Produire les protéines grâce à l’herbe ? C’est l’objectif affiché de Jean-Luc, Nadine et Jean-Marc Lestrohan, producteurs de lait à Plouhinec (56). Depuis une quinzaine d’années, ils ont introduit de la luzerne dans leur assolement et gèrent leurs cultures fourragères « au millimètre ».

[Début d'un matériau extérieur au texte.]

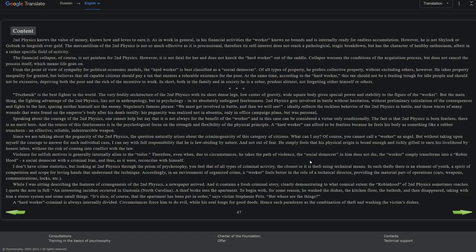Since we are talking about the pugnacity of the second physics, the question naturally arises about the criminogenicity of this category of citizens. What can I say? Of course, you cannot call a worker an angel, but without taking upon myself the courage to answer for each individual case, I can say with full responsibility that he is law-abiding by nature and not out of fear. He simply fears that his physical origin is broad enough and richly gifted to earn his livelihood by honest labor without the risk of coming into conflict with the law, I guess, unlike the first. The first physics violence for selfish motives is generally internally alien to the toiler. Therefore, even when, due to circumstances, he takes the path of violence, the social democrat in him does not die. The worker simply transforms into a Robin Hood, a social democrat with a criminal bias, and thus, as it were, reconciles with himself.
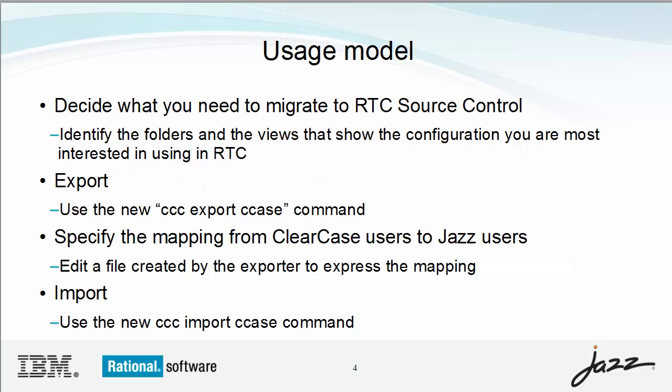To use the version importer, you choose the folders that you want to migrate and the configuration that is most important to you. You export the root folders using a view that selects the configuration.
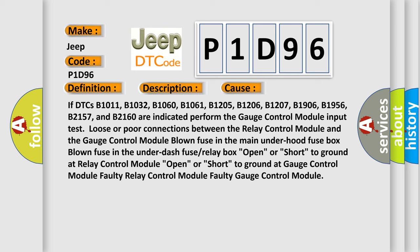Loose or poor connections between the relay control module and the gauge control module. Blown fuse in the main under hood fuse box. Blown fuse in the under dash fuse or relay box. Open or short to ground at relay control module. Open or short to ground at gauge control module. Faulty relay control module. Faulty gauge control module.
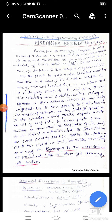Pod husks are good quality feed for cattle. The stalks of plants are used as fuel, basket making, and roofing purposes.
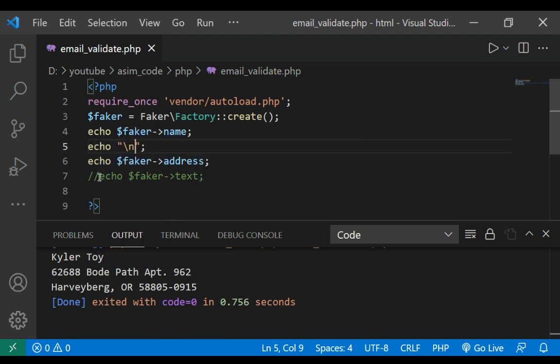This line is throwing an error so I just commented it. To keep on learning please subscribe to my channel Awesome Code, like my video, keep supporting me and thank you for watching.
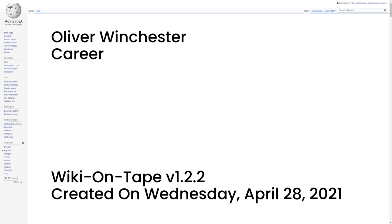This new cartridge put the new company on the map, and Henry's ingenuity was rewarded with a patent in his name on October 16, 1860, for what became the famous Henry Rifle.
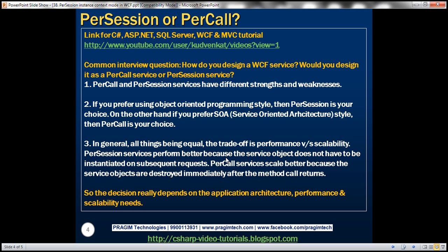On the other hand, per call services scale better because the service objects are destroyed immediately after the method call returns, which means memory is effectively managed. So the decision really depends on the application architecture, performance, and scalability needs.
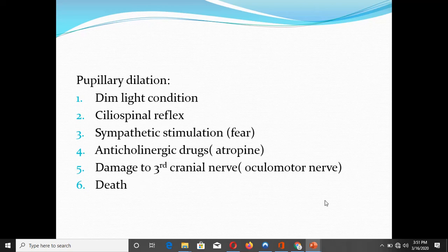Conditions causing pupillary dilation include: dim light; ciliospinal reflex from painful neck stimulation; sympathetic stimulation during fight-or-flight; use of anticholinergic drugs like atropine; damage to the third cranial nerve, which carries parasympathetic fibers innervating the constrictor pupillae — paralysis of these fibers results in dilation; and finally death, in which the pupils are fixed and permanently dilated.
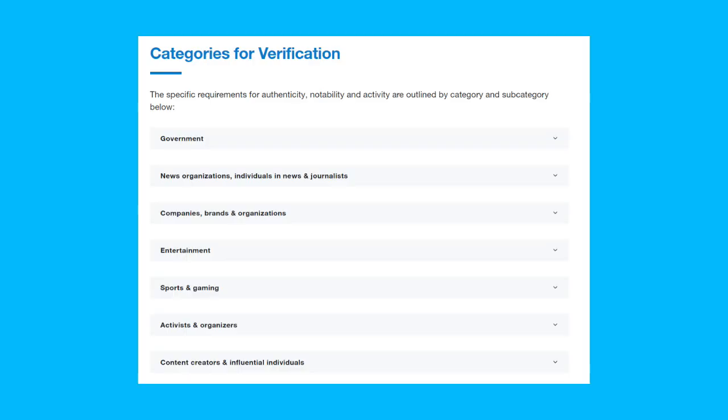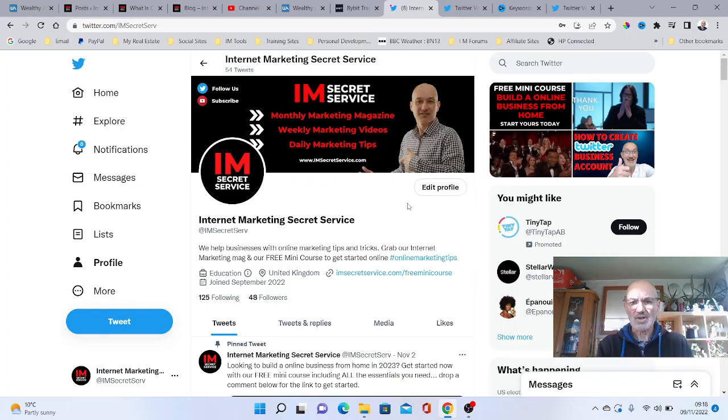The categories that are covered include government, news organizations, individuals in news or journalists, companies, brands or organizations, entertainment, sports and gaming, activists and organizations, content creators, and influential individuals.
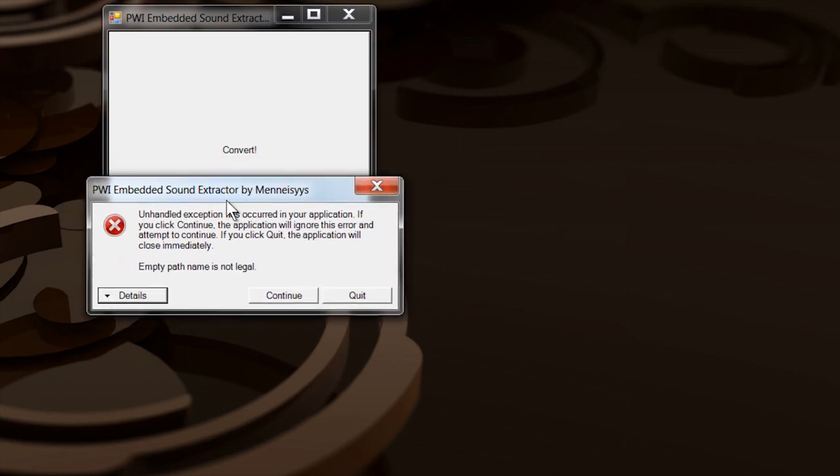But when you do have a PWI file, it's able to extract the audio file. And what it will do is in the directory that you run it in, it'll create subdirectories for all the other files that are within the PWI file and it'll extract those for you so you have audio, graphics and whatnot.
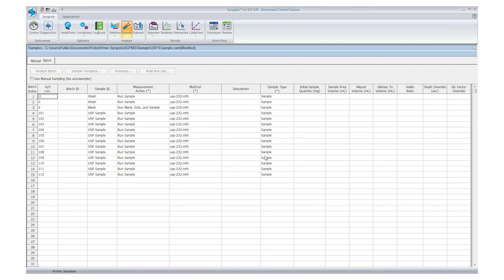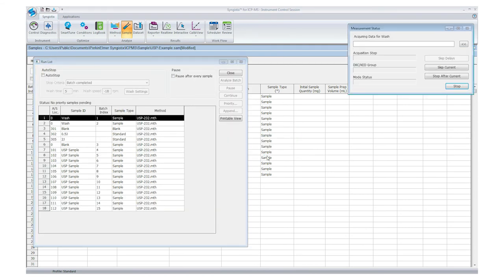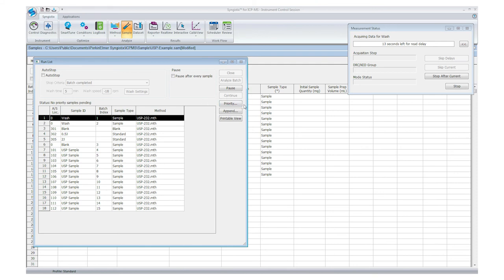If a priority sample comes in during your analysis, you can always add it to the run by clicking on the priority button. This will ensure that the sample is run next. You can also add additional samples to the run by using the append button.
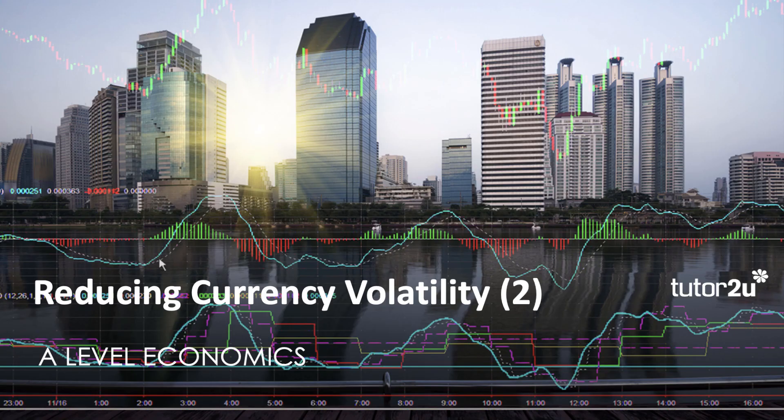That's the second of our videos on the economics of currency volatility. I hope you found it useful in terms of explaining some of the situations that governments and central banks are finding themselves in at this time. Thank you.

Pour Jean-Luc, Nadine et leur fils Jean-Marc, associés du Gaec Lestrohan, l’autonomie protéique est le moyen de maîtriser leurs charges, en produisant le maximum de fourrages sur l’exploitation. Ration, système fourrager, matériel… Tout est réfléchi et cohérent afin de produire 560 000 L de lait avec la meilleure rentabilité, en tirant parti de leurs 85 ha de SAU en conduite sans labour. « Il faut pousser la réflexion avant de lancer une culture fourragère » explique Jean-Luc Lestrohan. « Quel objectif, quelle con-duite, quelle exploitation, quel matériel ? » Les questions à se poser sont nombreuses et les conseils techniques bienvenus. Au Gaec Lestrohan, Bertrand Le Mentec, technicien cultures et Jean-Luc Jehanno, technicien nutrition et lait Triskalia accompagnent les associés.

Repères

  • 3 associés : Jean-Luc, Nadine et Jean-Marc
  • 560 000 L de référence
  • 85 vaches laitières (race normande)
  • 85 ha de SAU (sans labour) dont : 20 ha de maïs, 11 à 12 ha de blé, 5 à 6 ha de luzerne + trèfle violet, 10 ha de luzerne + dactyle, 3 ha de fétuque + trèfle violet et prairies

15 ha de luzerne

« La luzerne a été introduite dans la ration depuis longtemps pour l’apport de protéines, d’abord sous forme de bouchons puis d’enrubannage. Il y a 10 ans, nous sommes passés à l’autochargeuse qui nous permet de l’ensiler. Le coût de récolte est 2 à 3 fois moins élevé que celui de l’enrubannage et il est possible de faire des mélanges entre parcelles », explique Jean-Luc Lestrohan. La luzerne occupe 15 ha de SAU. Sur 5 ha, elle est depuis 2 ans associée à du trèfle violet, pour la conduite de culture et la valorisation alimentaire. 10 ha sont implantés en luzerne et dactyle. Ce dernier apporte protéine et surtout énergie. « L’épi du dactyle monte une seule fois par an. Souvent, après la 1re coupe il n’y a plus que de la feuille en repousse. Seul ou associé, il convient de le pâturer très tôt : 12 cm maximum à l’herbomètre », avertit l’éleveur.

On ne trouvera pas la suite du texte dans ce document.